* Task item
Since the listing below shows pictures, leave them out and write out exactly the lines from the line with "In this lesson, we" to the line with "Here is my touch", both included, and no others.

* Data excerpts

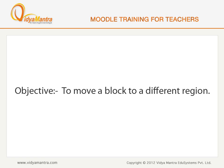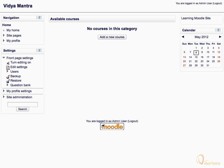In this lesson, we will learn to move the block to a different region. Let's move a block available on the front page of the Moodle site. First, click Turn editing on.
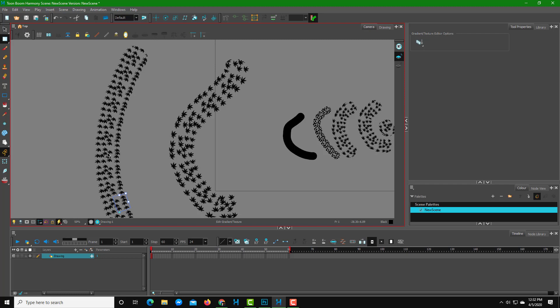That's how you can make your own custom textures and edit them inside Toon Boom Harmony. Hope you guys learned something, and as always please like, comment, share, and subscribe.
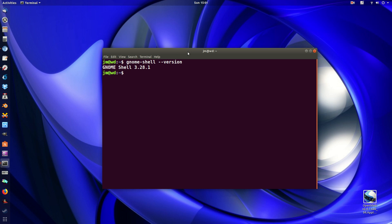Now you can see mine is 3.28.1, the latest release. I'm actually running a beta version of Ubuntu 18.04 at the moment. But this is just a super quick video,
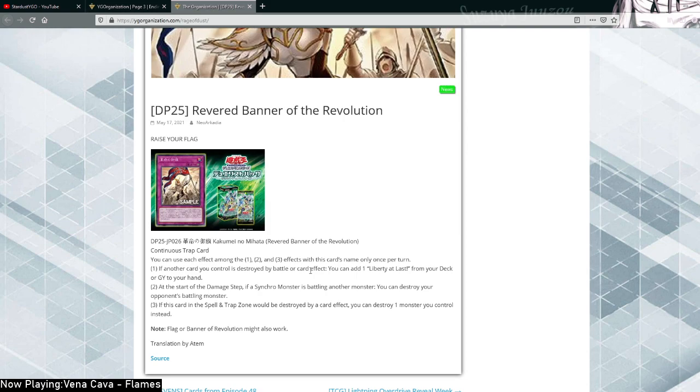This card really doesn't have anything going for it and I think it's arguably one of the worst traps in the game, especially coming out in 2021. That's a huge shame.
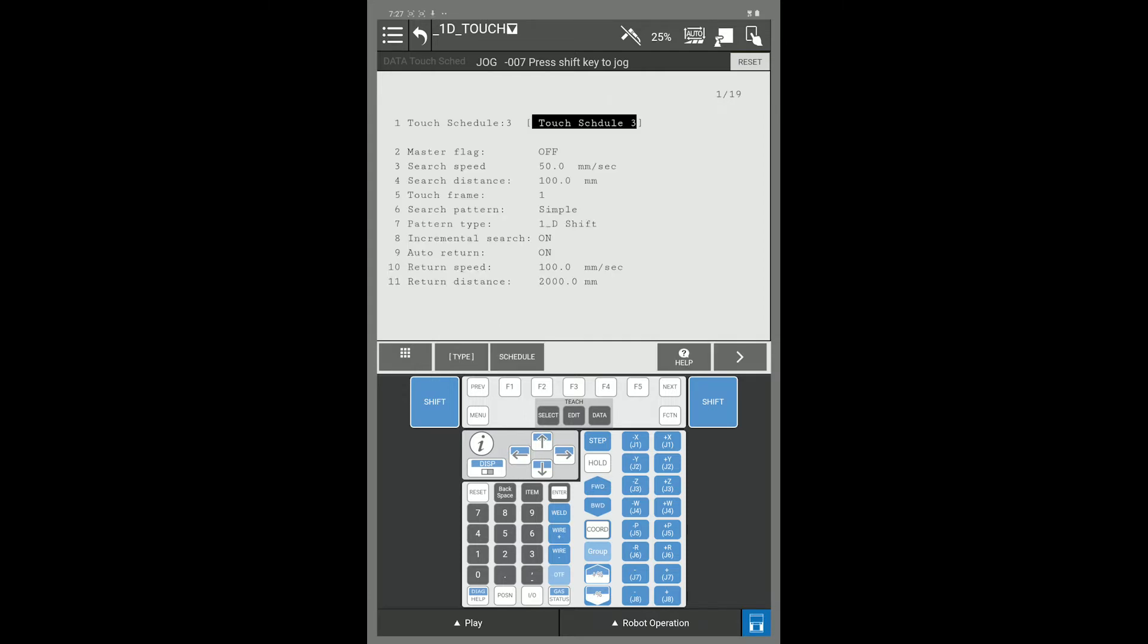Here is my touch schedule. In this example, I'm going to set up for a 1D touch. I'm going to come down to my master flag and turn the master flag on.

--

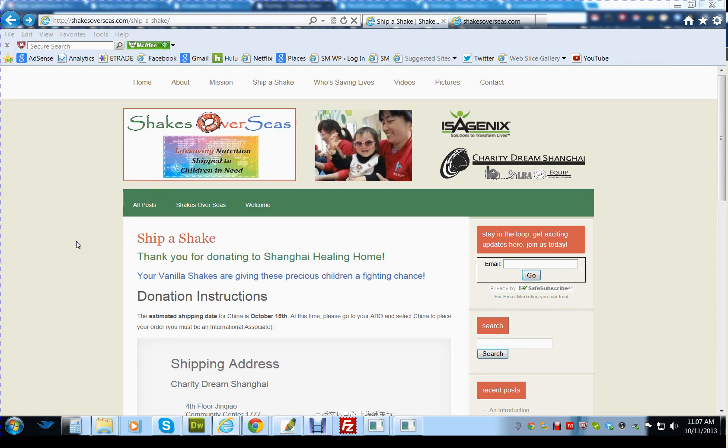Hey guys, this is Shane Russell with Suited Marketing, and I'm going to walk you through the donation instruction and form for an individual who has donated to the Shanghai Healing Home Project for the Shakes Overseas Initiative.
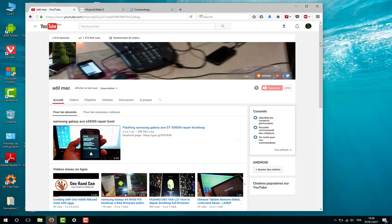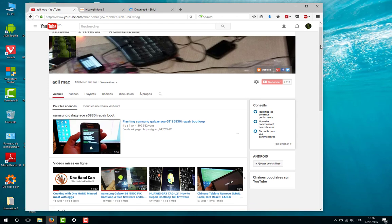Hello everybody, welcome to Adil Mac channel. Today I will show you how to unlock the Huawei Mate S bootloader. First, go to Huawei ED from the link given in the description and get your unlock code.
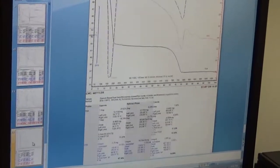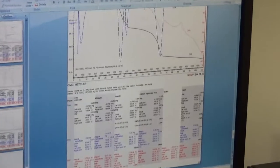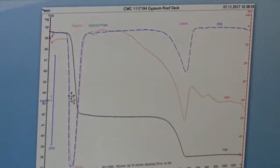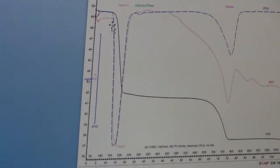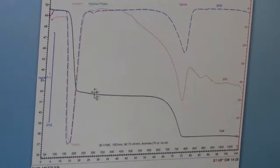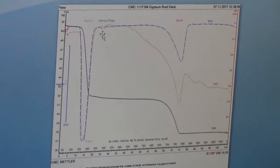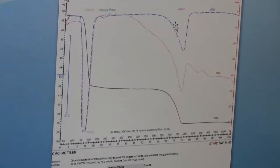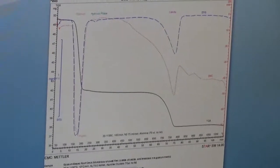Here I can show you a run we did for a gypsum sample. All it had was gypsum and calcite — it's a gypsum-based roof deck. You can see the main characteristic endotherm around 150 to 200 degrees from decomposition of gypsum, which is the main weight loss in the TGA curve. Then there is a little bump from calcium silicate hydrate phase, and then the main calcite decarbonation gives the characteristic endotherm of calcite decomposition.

* Response to the task
In this lesson, we will learn to move the block to a different region. Let's move a block available on the front page of the Moodle site. First, click Turn editing on.
That's how you can make your own custom textures and edit them inside Toon Boom Harmony. Hope you guys learned something, and as always please like, comment, share, and subscribe.
Now you can see mine is 3.28.1, the latest release. I'm actually running a beta version of Ubuntu 18.04 at the moment. But this is just a super quick video,
This card really doesn't have anything going for it and I think it's arguably one of the worst traps in the game, especially coming out in 2021. That's a huge shame.
Here is my touch schedule. In this example, I'm going to set up for a 1D touch. I'm going to come down to my master flag and turn the master flag on.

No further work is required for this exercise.